We count errors as failures

If a model crashed, refused the task, could not open a document, or ran out of room to read a long file, we counted that task as a failure rather than setting it aside. A model that cannot get through the documents a lawyer actually works with is not reliable for legal work, even if it would have done well on cleaner input.

The model never sees the answer key

For every task we kept two separate documents: the instructions and source files the model receives, and the checklist the grader uses to mark the work. The grader's checklist is never shown to the model. This matters. If the model could see the marking checklist, we would be testing whether it can follow a checklist, not whether it can do the legal work.

Who does the grading

A single AI model graded every piece of work, so that the marking stays consistent across all the models and tasks. One caveat: the grader is itself one of the models under test, which creates a risk that it favours its own family. We address that in the takeaways above. An independent check of the grader's marking against human reviewers is still in progress, so please treat the rankings as a strong guide rather than a final verdict.

Task source

Contract drafting tasks (34)

The drafting tasks were written by practising transactional lawyers. They cover the kind of work commercial lawyers do every day: master services agreements, NDAs, licensing and reseller terms, employment and non-compete clauses, partnership and M&A documents, IP and technology agreements, and dispute clauses such as arbitration and governing law. Each task was built around a specific trap a careful lawyer would want to catch. Examples include quietly redrafting a clause in one side's favour, writing a penalty that would not be enforceable without flagging the risk, and recognising that an existing clause already covers the client's concern and is best left alone.

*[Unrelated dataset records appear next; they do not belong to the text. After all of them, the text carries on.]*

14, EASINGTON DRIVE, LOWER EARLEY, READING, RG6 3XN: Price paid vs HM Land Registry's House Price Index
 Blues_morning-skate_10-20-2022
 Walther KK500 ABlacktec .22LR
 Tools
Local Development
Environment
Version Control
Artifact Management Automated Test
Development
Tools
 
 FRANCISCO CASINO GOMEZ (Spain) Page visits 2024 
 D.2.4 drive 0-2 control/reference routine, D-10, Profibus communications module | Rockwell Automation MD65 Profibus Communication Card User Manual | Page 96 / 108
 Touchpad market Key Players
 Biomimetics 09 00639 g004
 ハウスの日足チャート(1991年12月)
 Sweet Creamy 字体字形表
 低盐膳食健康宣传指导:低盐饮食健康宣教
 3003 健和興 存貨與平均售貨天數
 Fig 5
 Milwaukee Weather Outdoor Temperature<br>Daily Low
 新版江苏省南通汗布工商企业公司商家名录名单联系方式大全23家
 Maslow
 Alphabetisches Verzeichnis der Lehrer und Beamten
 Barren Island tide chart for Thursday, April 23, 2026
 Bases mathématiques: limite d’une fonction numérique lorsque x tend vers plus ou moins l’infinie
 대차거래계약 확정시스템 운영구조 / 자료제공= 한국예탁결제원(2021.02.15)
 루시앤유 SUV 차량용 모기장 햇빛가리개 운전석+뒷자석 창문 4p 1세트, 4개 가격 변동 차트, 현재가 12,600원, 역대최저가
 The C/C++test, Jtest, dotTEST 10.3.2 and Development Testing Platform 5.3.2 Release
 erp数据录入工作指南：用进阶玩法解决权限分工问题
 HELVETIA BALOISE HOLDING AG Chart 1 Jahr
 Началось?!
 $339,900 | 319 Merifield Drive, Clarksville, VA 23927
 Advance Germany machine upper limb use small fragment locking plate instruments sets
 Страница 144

Information extraction tasks (31)

The extraction tasks came from a separate set, also written by lawyers, each with an answer key. The answer key drives the marking, using three kinds of check: content the answer must include, wrong answers it must avoid (such as inventing the contents of a schedule the model cannot actually see), and bonus points for extra correct detail that is not required. The source documents are real or realistic legal materials: contracts, term sheets, board minutes, security summaries, scanned letters of intent, and email chains. Some tasks deliberately use poor-quality scans, where the honest answer is often “I cannot read this reliably” rather than a guessed value.

Analysis tasks (5, not in the leaderboards)

A smaller set of 5 tasks tests reasoning where the answer is genuinely uncertain, such as pension and regulatory-timing questions. We left these out of the leaderboards because five tasks are too few to rank on, but the per-task results are available for anyone who wants them.

What we deliberately left out

  • No confidential firm documents. Every source file is public, written for the test, or changed enough that it could not identify a real client.
  • No severity weighting in the score. We do not treat some checkpoints as more serious than others in the reliability number itself. The marking tells you what was checked; how much weight to give each point is your call as the reader.
  • The marking checklist, hidden from the model. As above, the model only ever sees the instructions and documents, never the checklist used to grade its work.